- [WORK TASK] The entries below contain a stretch that opens with the line containing "CANYON BREEZE RV RESORT - Residential" and closes with the line containing "Caravan- und Reisemobilstellplatz"; set down that stretch exactly, both ends included, and nothing else.

- [EXTRACTED MATERIAL]

· · · · ·

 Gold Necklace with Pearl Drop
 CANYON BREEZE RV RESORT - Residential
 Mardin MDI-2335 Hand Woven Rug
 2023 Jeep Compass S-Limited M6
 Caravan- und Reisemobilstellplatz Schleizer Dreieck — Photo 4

· · · · ·

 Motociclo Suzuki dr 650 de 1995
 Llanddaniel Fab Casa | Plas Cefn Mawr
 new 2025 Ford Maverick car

· · · · ·

- [COMPLETED TASK]
 CANYON BREEZE RV RESORT - Residential
 Mardin MDI-2335 Hand Woven Rug
 2023 Jeep Compass S-Limited M6
 Caravan- und Reisemobilstellplatz Schleizer Dreieck — Photo 4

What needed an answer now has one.